Award-winning family music project Mil’s Trills releases their fourth album, Let It Out!, in an urgent effort to combat stress and anxiety among youth suffering from damaging long-term mental health effects of the pandemic. The album offers children of all ages and their families original songs that include coping mechanisms to help identify, accept, and process difficult emotions such as anger, sadness, and fear. The album is accompanied by a social emotional learning (SEL) curriculum called Messy Music set to launch later this fall.
According to a recent article in The New York Times, a growing number of children under 13 are seeking emergency care for urgent mental health problems.¹ COVID-19 has transformed this issue into a true crisis with 40% of youth reporting psychological problems following the pandemic.² With Let It Out!, Mil’s Trills challenges the youth mental health crisis by engaging children in creative activities - a recommendation advocated by The World Health Organization Department of Mental Health and Substance Use who says such activities help facilitate the process of expressing and relieving fear and sadness.³Let It Out! is a collection of fifteen disco-inspired grooves, mantras, affirmations, and coping mechanisms written by Amelia “Mil” Robinson in collaboration with family musician peers primarily from the BIPOC and LGBTQ+ community including Uncle Jumbo - a continuing collaboration following the duo’s hit single, Put Your Mask On - Divinity Roxx (Beyonce), Kymberly Stewart, Pierce Freelon, Uncle Devin of WEE Nation Radio and Lindz Amer of Queer Kid Stuff. It also features a number of children, including Robinson’s students, one of whom wrote the bonus poem title track “Let It Out.”

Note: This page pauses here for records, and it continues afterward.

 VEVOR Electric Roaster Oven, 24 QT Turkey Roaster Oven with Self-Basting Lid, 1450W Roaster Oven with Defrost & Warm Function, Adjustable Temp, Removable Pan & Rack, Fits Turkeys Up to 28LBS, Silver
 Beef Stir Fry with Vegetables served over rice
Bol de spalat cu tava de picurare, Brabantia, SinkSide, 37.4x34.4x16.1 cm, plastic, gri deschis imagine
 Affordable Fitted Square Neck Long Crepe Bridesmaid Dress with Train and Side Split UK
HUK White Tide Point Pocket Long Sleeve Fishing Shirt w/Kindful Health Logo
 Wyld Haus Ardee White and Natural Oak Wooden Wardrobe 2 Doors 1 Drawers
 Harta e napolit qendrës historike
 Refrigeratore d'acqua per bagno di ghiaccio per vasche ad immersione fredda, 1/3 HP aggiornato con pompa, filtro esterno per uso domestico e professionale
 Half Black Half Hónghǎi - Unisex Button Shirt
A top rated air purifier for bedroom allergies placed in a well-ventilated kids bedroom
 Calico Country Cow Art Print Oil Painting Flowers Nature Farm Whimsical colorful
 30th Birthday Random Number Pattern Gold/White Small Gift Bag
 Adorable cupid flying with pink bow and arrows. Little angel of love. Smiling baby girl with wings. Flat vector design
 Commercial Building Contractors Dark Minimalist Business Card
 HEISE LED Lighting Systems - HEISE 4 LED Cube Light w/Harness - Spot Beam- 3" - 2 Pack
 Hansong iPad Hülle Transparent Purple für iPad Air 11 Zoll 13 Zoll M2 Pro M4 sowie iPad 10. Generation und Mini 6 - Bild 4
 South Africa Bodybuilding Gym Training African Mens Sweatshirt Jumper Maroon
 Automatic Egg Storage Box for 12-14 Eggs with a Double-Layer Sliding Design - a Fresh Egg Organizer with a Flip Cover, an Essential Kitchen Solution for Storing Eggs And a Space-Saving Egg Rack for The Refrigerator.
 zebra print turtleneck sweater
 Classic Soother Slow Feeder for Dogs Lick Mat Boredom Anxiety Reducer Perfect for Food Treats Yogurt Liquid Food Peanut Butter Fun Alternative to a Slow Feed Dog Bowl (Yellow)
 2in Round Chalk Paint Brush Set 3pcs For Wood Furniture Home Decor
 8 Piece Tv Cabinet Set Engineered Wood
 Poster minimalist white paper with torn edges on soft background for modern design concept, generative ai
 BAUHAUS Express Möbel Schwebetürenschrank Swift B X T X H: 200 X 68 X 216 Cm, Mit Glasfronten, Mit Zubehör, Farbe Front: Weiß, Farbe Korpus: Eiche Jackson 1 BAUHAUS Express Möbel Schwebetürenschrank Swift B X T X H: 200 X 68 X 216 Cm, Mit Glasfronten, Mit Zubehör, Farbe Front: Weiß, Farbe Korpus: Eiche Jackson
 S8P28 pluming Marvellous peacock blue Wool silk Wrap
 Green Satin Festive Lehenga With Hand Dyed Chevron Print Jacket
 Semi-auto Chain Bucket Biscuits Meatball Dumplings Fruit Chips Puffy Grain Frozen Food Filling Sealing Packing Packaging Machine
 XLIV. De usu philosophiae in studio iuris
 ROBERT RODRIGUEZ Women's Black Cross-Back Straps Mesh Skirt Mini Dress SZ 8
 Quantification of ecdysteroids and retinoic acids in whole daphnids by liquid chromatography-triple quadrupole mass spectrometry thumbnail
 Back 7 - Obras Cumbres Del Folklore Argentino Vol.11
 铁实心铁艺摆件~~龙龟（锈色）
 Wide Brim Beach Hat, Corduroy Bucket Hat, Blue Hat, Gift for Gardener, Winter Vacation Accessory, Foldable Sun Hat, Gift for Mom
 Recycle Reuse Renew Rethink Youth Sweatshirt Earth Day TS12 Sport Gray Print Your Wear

I had a chance to learn more in this interview.
How can music be so beneficial for mental health?
We are born with the innate ability to respond to rhythm and melody. It helps us process and flow through emotions by moving our bodies. Lyrics offer opportunities to connect with another person’s thoughts, and explore and define our own values. Plus, music feels good!
COVID-19 has transformed children’s mental health issues into a true crisis. According to a recent article in The New York Times, a growing number of children under 13 are seeking emergency care for urgent mental health problems,¹ and 40% of youth reporting psychological problems following the pandemic.² with The World Health Organization Department of Mental Health and Substance Use says creative activities help facilitate the process of expressing and relieving fear and sadness.³
Why is it important for kids to have tools that can help them process challenging experiences?
Everyone is different. Yet we often have a systemic way to deal with children. A one-size-fits all solution. It just doesn’t work that way. Every child has their own experience. What works for one child, doesn’t for another. What is challenging to one, may not be challenging to another.
My new LET IT OUT! album provides tools that are responsive to children’s social emotional needs. It does so through culturally-affirming messages that recognize the history and circumstances each child brings with them.
LET IT OUT! is part of a social emotional learning curriculum I developed and will be launching later this fall called Messy Music. The researched-based Messy Music curriculum prioritizes process over productivity. Our society prioritizes and rewards productivity, but productivity often does not offer room for emotions. Songs can be enjoyed and used by anyone in everyday life, and by educators with the lessons provided in Messy Music. For example, feeling angry? “Punch A Pillow”! Feeling frazzled? “Come Back to the Breath”!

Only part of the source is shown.